# About this exercise
What's needed is an exact copy of all the data below, without pictures.

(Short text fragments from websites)
►
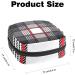 Women's Bonds Storage Pockets Stillpad Holder - Black & White Scottish Plaid Portable Period Kit Bag | Feminine Product Bag for Women & Girls - Buy Online on GoSupps.com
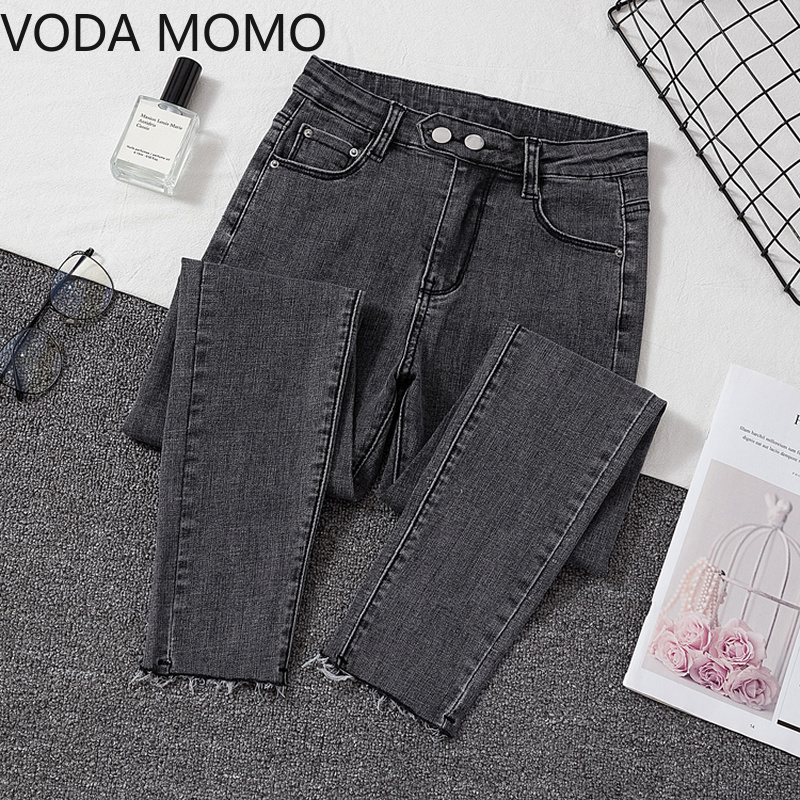 Plus size Jeans Female Denim Pants Black Womens Jeans woman Donna Stretch Bottoms Feminino Skinny Pants For Women Trousers 201105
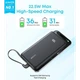 УМБ Anker 10000 mAh 22.5W Built-In USB-C Cable Black (A110DH11) - зображення 5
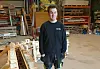 Daniel S. Lien tok nylig fagbrevet innen betong etter å ha vært i lære hos Totalbygg.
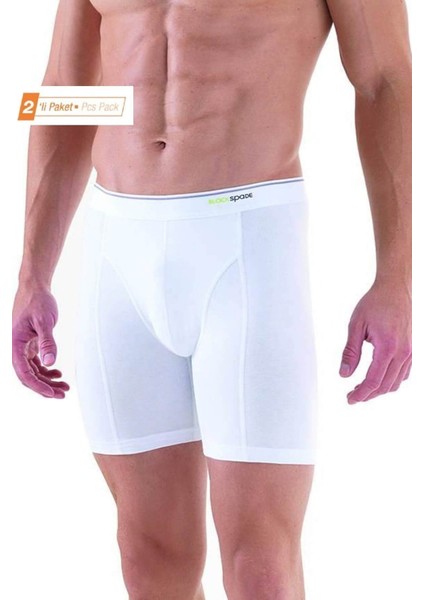 Tender Cotton Beyaz Boxer 9216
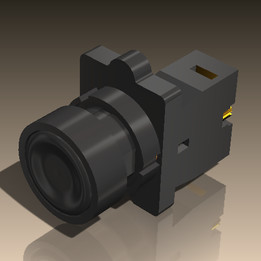 Metaltex-bot?o de pulso preto-P20BFR-B-1AB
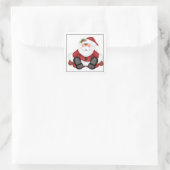 サンタスティッカー スクエアシール (バッグ)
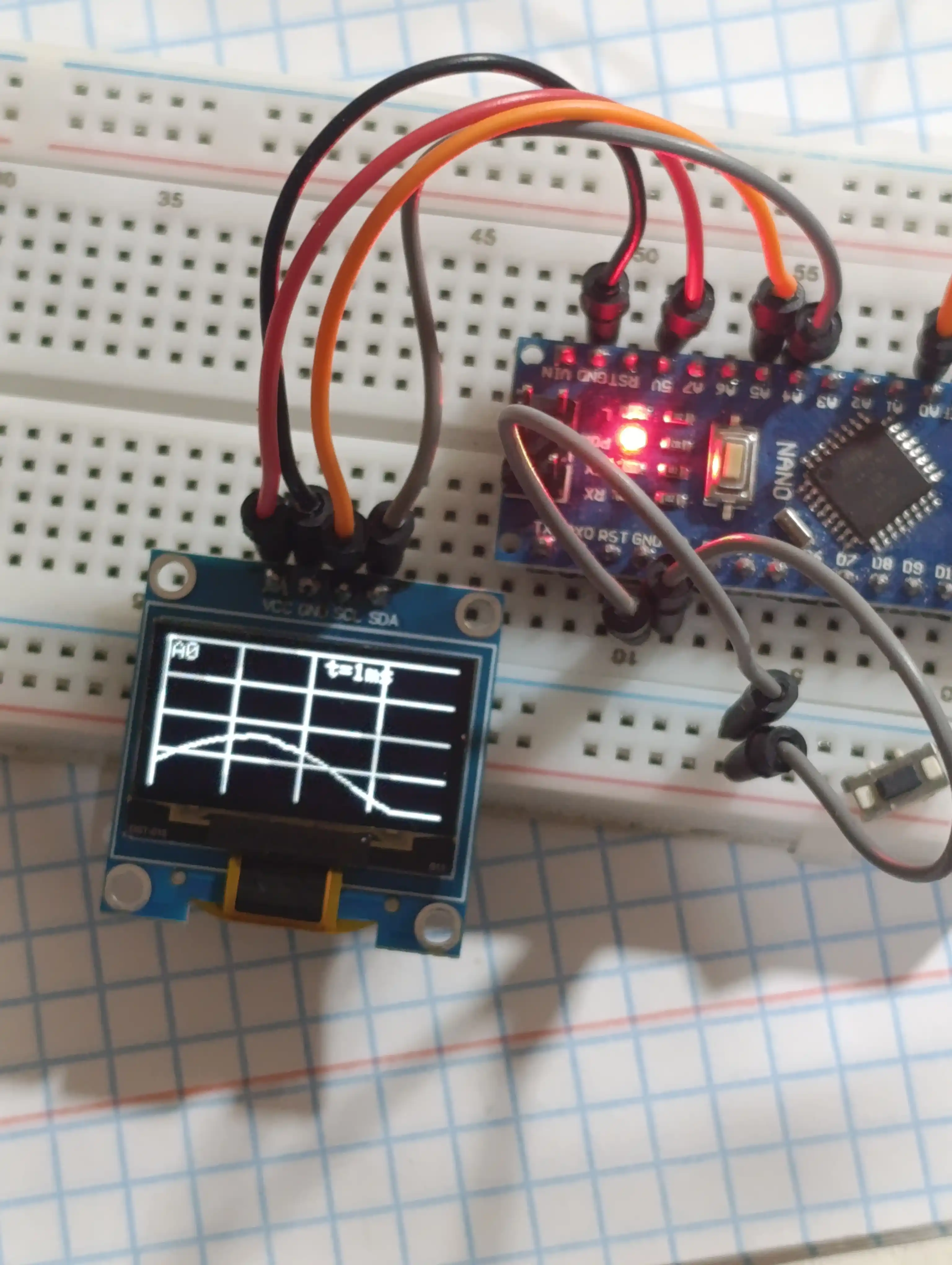 OLED ekran 0.96 дюйма 128X64, I2C IIC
◄
# Result below
 Women's Bonds Storage Pockets Stillpad Holder - Black & White Scottish Plaid Portable Period Kit Bag | Feminine Product Bag for Women & Girls - Buy Online on GoSupps.com
 Plus size Jeans Female Denim Pants Black Womens Jeans woman Donna Stretch Bottoms Feminino Skinny Pants For Women Trousers 201105
 УМБ Anker 10000 mAh 22.5W Built-In USB-C Cable Black (A110DH11) - зображення 5
 Daniel S. Lien tok nylig fagbrevet innen betong etter å ha vært i lære hos Totalbygg.
 Tender Cotton Beyaz Boxer 9216
 Metaltex-bot?o de pulso preto-P20BFR-B-1AB
 サンタスティッカー スクエアシール (バッグ)
 OLED ekran 0.96 дюйма 128X64, I2C IIC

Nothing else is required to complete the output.